Tudo começou em 1949, um ano feliz. Minha primeira irmã havia chegado, e tínhamos um rádio novo. A mistura de música e choro infantil criava uma sinfonia doméstica. Nosso primo, Sivuca, o “diabo louro da sanfona”, já era um dos favoritos do rádio. Ah, Vassourinhas, quantas vezes te ouvimos… Um dia, ele apareceu na nossa porta, com a sanfona a tiracolo. “Gazo”, diferente do que imaginávamos, talvez até um pouco tímido. Depois do jantar, tirou a sanfona do estojo e começou a tocar. Seus dedos deslizavam no teclado e nos baixos com a leveza de colibris. As pessoas se amontoavam nas janelas, na rua, em silêncio, apenas ouvindo. Ele fechou a sanfona tão rápido quanto a abriu. Aplausos, risos, abraços. Sivuca havia ladrilhado nossa rua com pedrinhas de brilhantes.

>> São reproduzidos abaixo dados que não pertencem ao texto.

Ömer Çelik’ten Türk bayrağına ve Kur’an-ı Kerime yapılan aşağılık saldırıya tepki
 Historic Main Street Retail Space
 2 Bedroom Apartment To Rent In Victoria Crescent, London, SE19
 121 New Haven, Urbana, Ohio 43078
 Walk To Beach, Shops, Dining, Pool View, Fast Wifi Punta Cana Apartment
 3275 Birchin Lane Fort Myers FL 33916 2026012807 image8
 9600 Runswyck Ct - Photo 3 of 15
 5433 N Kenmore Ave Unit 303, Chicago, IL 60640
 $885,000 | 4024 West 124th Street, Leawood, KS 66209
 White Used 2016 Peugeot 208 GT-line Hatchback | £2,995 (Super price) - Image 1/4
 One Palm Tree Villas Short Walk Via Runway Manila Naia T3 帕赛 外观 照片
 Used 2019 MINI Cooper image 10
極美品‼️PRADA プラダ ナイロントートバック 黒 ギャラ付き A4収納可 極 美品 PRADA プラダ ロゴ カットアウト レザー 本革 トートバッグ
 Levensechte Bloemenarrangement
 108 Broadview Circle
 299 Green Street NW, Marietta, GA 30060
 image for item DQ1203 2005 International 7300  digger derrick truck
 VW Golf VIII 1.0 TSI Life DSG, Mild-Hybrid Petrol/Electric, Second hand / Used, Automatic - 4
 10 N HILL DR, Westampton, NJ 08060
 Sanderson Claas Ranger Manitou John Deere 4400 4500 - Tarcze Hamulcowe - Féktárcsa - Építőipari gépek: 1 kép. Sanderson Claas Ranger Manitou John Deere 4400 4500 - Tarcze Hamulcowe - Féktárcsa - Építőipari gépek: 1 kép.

Aparecia e desaparecia subitamente, deixando apenas rastros de música. A tristeza nordestina de “Adeus Maria Fulô” ecoava nas despedidas de João e Maria. Em 1958, partiu para a Europa com o grupo “Os Brasileiros”. A imprensa relatava apresentações triunfais. Em 1962, vimos seu nome no cartaz do filme francês O Diabo e os Dez Mandamentos. Lá estava ele, tocando sanfona, música para os anjos, para os amantes, para todos nós. Meses depois, abriu o show de Marlene Dietrich em Estocolmo e, logo após, ela cantou “Luar do Sertão” em português, no Copacabana Palace.
Conversamos longamente sobre a falta de liberdade artística no Brasil e suas experiências na Europa. Em 1964, o clima no Recife era asfixiante. Passaram-se semanas, até que, em uma festa na casa de um amigo americano, ele decidiu aceitar um convite da cantora Carmen Costa para acompanhá-la aos Estados Unidos. Marcamos um encontro em Nova York, mas ele partiu sem se despedir.
Em 1968, no palco do Hollywood Palladium, a cantora Miriam Makeba pediu silêncio e anunciou freneticamente: “… and from Brazil, Si-vu-ca… on guitar, accordion and…” Um grito primal rompeu o silêncio… um solo em que a voz humana se tornava um instrumento, improvisando ritmos e melodias. O público aplaudia de pé, gritando e assobiando. Enquanto isso, estávamos nos mudando para San Francisco, enquanto ele seguia para a África com Miriam Makeba.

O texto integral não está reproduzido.